* Directions *
Images are to be omitted, and the rest of the records reproduced exactly.

* The records *
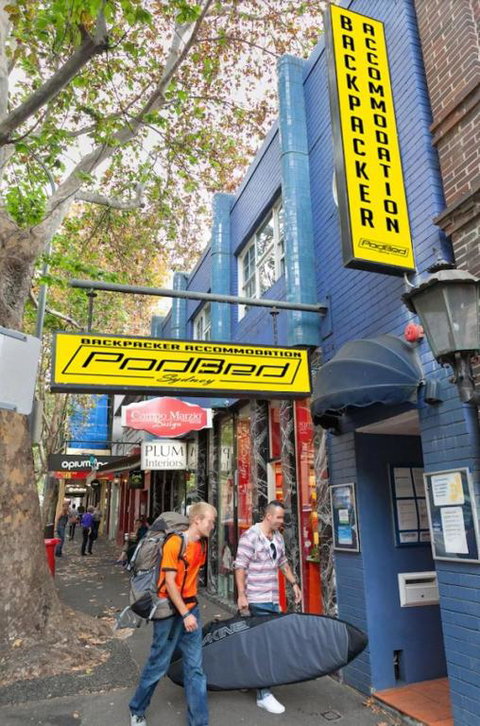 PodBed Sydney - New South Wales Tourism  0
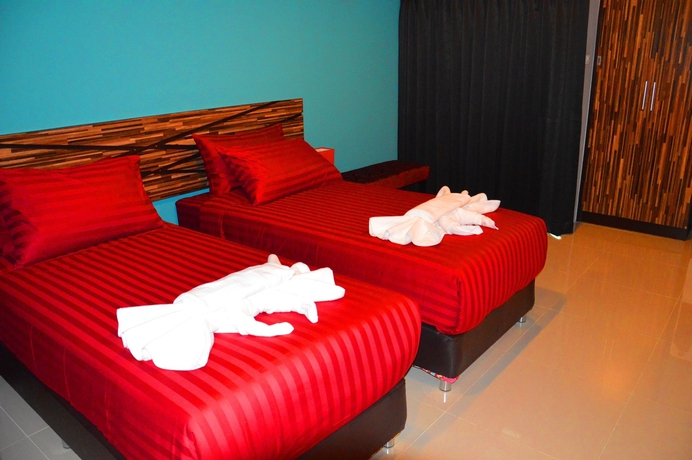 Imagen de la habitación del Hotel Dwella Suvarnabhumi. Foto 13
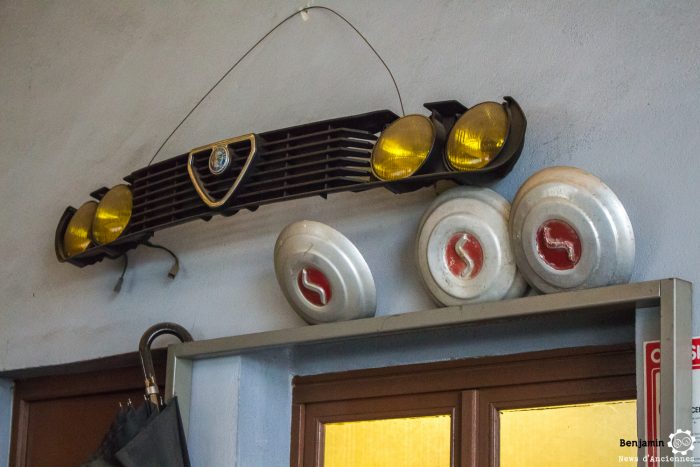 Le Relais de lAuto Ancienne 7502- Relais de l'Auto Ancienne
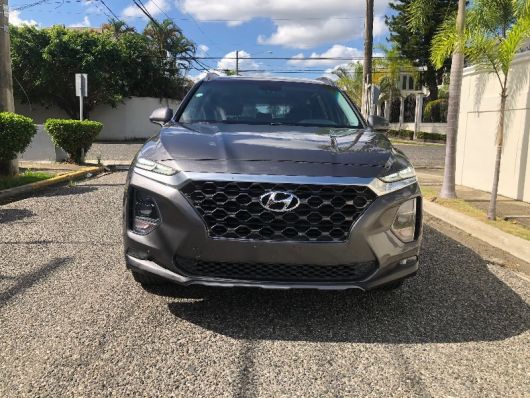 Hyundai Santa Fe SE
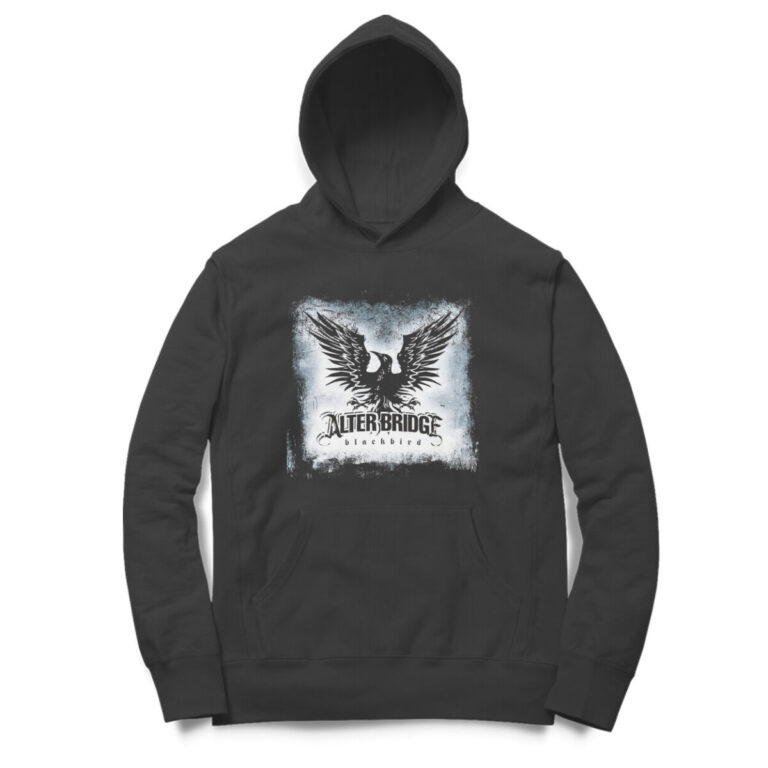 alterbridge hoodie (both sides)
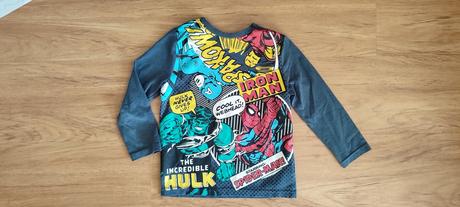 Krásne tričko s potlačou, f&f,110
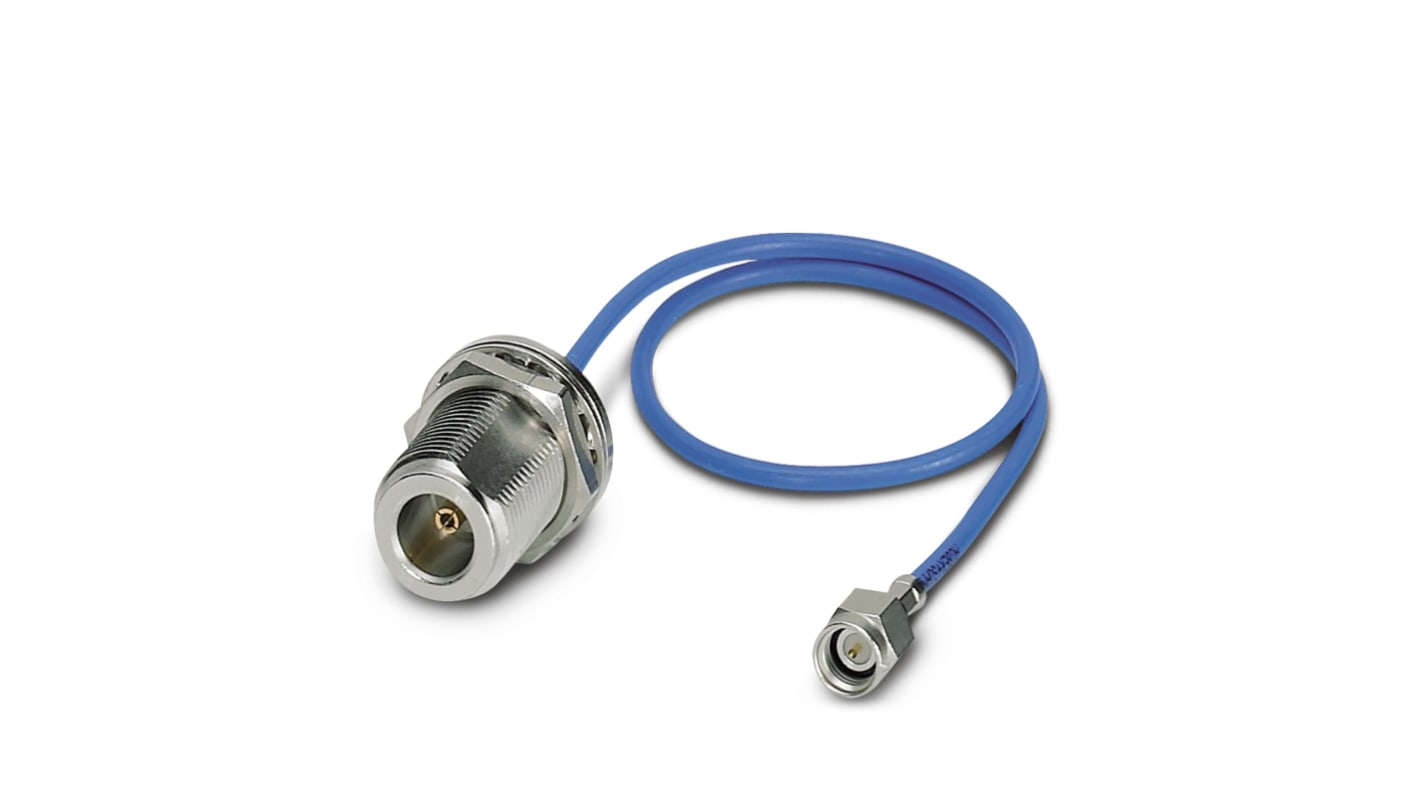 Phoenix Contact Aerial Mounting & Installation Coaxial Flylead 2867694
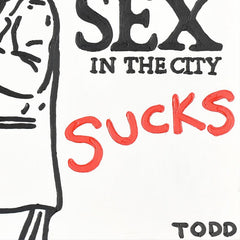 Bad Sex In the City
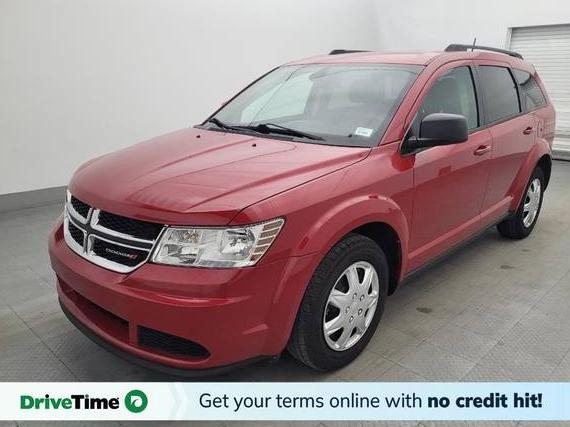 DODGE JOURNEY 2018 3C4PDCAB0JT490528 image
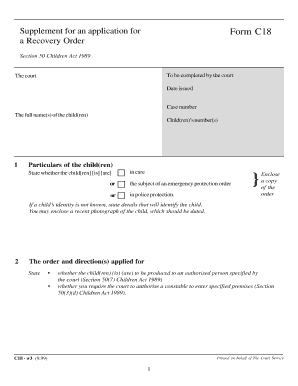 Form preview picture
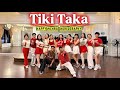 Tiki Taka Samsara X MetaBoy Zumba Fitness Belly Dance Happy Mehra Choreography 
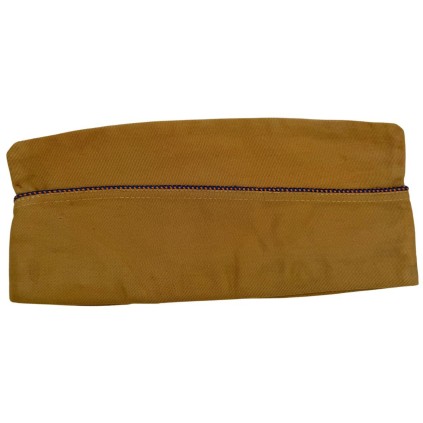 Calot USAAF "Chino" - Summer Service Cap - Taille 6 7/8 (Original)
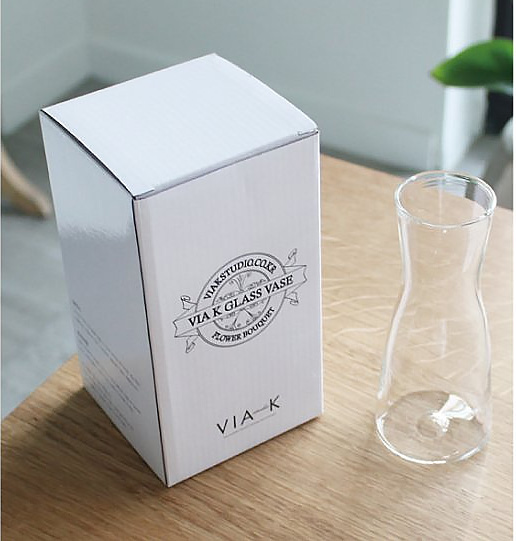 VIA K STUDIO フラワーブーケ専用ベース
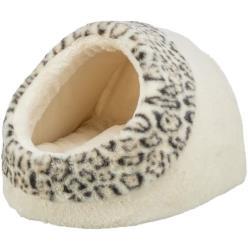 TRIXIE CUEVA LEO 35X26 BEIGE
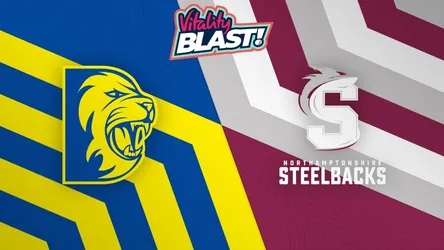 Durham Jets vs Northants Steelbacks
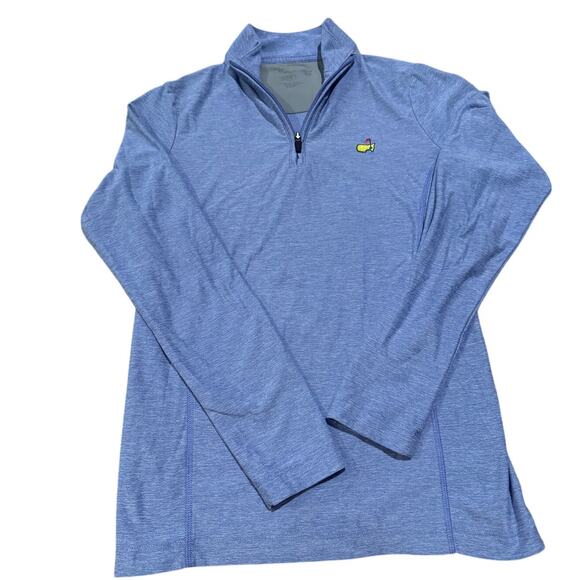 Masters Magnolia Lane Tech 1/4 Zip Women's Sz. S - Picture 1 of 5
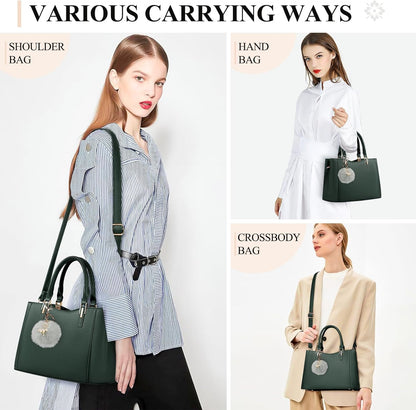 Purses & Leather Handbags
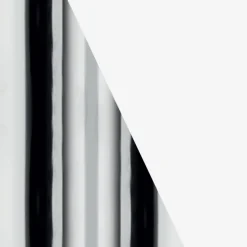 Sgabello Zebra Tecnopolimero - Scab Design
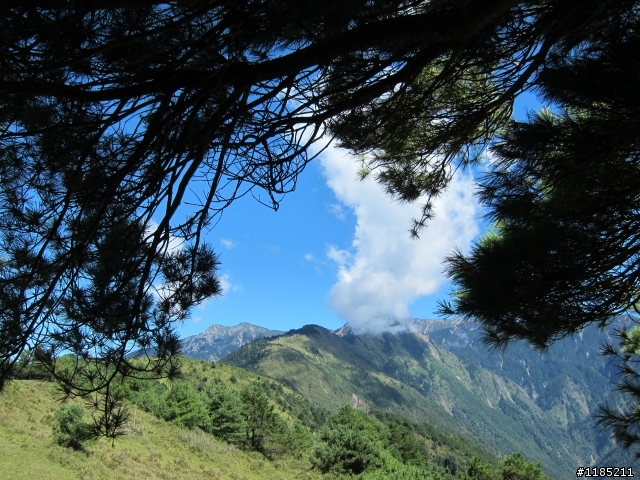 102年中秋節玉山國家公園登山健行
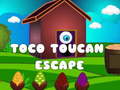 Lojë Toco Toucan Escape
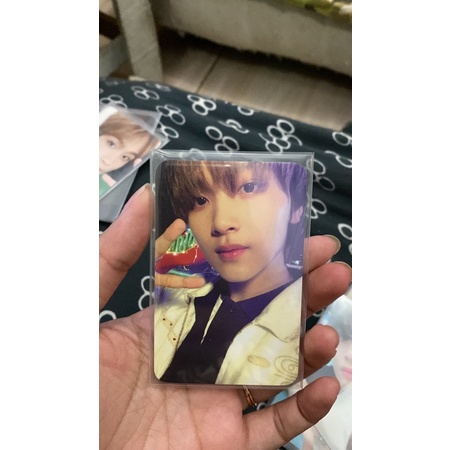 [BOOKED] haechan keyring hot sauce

* Response area *
 PodBed Sydney - New South Wales Tourism  0
 Imagen de la habitación del Hotel Dwella Suvarnabhumi. Foto 13
 Le Relais de lAuto Ancienne 7502- Relais de l'Auto Ancienne
 Hyundai Santa Fe SE
 alterbridge hoodie (both sides)
 Krásne tričko s potlačou, f&f,110
 Phoenix Contact Aerial Mounting & Installation Coaxial Flylead 2867694
 Bad Sex In the City
 DODGE JOURNEY 2018 3C4PDCAB0JT490528 image
 Form preview picture
 Tiki Taka Samsara X MetaBoy Zumba Fitness Belly Dance Happy Mehra Choreography 
 Calot USAAF "Chino" - Summer Service Cap - Taille 6 7/8 (Original)
 VIA K STUDIO フラワーブーケ専用ベース
 TRIXIE CUEVA LEO 35X26 BEIGE
 Durham Jets vs Northants Steelbacks
 Masters Magnolia Lane Tech 1/4 Zip Women's Sz. S - Picture 1 of 5
 Purses & Leather Handbags
 Sgabello Zebra Tecnopolimero - Scab Design
 102年中秋節玉山國家公園登山健行
 Lojë Toco Toucan Escape
 [BOOKED] haechan keyring hot sauce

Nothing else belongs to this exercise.